Près d'un cinquième des candidats aux 543 sièges de la chambre basse du parlement font face à des chefs d'accusations criminels de la part de la justice, selon le think tank Association for Democratic Reform.

Et les régions pauvres et reculées, comme le Jharkhand, ne sont pas les seules concernées. Ainsi cinq des sept candidats du parti nationaliste hindou Bharatiya Janata Party (BJP) à New Delhi doivent répondre d'accusations criminelles, certes relativement mineures.

Un proche de Narendra Modi, le candidat du BJP donné favori pour devenir Premier ministre, est accusé de meurtre et d'extorsion.

En Inde, des millions d'électeurs se déterminent par rapport à une caste ou une appartenance régionale. Ils estiment souvent que ces accusations résultent de manipulations d'adversaires politiques ayant la main sur la police ou la justice.

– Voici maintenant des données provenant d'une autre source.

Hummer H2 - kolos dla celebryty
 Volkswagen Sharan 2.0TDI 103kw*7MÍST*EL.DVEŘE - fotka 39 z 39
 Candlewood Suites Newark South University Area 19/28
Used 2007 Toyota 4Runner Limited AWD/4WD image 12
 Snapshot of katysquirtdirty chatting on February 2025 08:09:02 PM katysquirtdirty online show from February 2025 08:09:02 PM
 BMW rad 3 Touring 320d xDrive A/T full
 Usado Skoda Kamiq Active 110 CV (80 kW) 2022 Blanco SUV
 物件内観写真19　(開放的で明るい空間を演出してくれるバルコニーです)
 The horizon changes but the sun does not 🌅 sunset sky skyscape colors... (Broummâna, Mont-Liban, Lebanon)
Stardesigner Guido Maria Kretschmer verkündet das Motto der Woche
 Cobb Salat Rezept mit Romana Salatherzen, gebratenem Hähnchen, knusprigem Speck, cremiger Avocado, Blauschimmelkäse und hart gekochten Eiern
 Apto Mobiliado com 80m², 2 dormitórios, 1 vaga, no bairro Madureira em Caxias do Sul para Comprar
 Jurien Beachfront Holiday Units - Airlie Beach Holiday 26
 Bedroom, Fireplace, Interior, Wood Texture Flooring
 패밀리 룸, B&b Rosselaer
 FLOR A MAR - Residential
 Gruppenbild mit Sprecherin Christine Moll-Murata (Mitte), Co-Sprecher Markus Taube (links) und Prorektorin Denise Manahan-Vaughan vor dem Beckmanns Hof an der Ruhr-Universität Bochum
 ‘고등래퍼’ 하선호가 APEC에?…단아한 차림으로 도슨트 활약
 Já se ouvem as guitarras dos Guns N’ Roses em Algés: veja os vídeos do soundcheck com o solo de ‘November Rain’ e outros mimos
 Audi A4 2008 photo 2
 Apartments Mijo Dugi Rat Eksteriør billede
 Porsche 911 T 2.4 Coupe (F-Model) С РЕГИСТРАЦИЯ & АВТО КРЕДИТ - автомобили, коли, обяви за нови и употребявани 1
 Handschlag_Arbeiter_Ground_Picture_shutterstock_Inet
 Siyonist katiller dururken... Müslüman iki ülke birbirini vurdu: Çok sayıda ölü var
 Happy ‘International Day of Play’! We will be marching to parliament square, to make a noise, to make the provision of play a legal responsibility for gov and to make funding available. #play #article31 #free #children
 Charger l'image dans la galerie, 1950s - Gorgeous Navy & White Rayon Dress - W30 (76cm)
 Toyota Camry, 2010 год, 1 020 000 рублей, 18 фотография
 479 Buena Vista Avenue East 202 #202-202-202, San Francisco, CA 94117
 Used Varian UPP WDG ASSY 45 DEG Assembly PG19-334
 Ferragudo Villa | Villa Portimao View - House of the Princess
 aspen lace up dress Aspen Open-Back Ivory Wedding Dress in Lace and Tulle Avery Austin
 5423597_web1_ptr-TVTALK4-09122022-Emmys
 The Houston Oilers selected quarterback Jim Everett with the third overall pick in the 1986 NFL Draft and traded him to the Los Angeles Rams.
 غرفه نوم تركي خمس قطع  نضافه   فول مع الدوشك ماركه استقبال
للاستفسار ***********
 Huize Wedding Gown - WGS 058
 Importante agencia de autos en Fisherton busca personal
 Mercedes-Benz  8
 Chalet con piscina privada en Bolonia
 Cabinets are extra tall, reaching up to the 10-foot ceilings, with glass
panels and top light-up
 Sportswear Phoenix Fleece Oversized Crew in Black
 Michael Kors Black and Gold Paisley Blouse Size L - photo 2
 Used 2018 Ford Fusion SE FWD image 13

"Il y a beaucoup de vrai là-dedans, certains accusations sont motivées politiquement et forgées de toutes pièces", relève Satish Misra, analyste de l'Observer Research Foundation basée à Delhi.

"Mais il y a également beaucoup de criminels en politique", ajoute Misra qui a analysé les élections en Inde sur trois décennies.

L'analyste impute cette situation à une culture indienne traditionnelle restée féodale. En dépit du système démocratique, les politiques indiens ont toujours recours à des hommes de main ou des "agents d'influence" pour orienter les votes.

"Le lien entre politique et monde du crime est toujours très fort", dit-il à l'AFP.

Même quand les politiques sont contraints de démissionner, ils trouvent moyen de contourner leur mise à l'écart. Ainsi Lalu Prasad Yadav, homme fort de l'Etat du Bihar, a installé sa femme quand il a dû quitter le poste de chef de l'exécutif de l'Etat en 1997 pour une affaire de corruption.

Le couple a ainsi dirigé le Bihar, l'un des Etats les plus peuplés d'Inde, entre 1990 et 2005. Yadav est ensuite devenu ministre des chemins de fer de l'Inde.

Il a été finalement privé de son poste de député en septembre après avoir été condamné dans une affaire de détournement de fonds destiné au fourrage du bétail dans les années 90, en application d'une nouvelle législation.

L'électorat se montre de plus en plus exigeant envers les politiques, comme le prouve l'élan suscité par Arvind Kejriwal, champion de la lutte anti-corruption ayant remporté un succès inattendu aux élections du territoire de Delhi l'an dernier.

L'ancien inspecteur des impôts a ainsi forcé le parti du Congrès, au pouvoir en Inde depuis 2004 et touché par de multiples affaires de corruption, et le BJP de s'engager à mettre en place un gouvernement propre.

Les électeurs "savent que si des corrompus sont élus, la gouvernance le sera également", déclare Trilochan Sastry, de l'Association for Democratic Reform.

Baithan, le candidat aux multiples accusations semble cependant encore peu touché par ce changement d'état d'esprit: "la pauvreté et le développement sont les sujets cruciaux pour mes électeurs et moi", dit-il.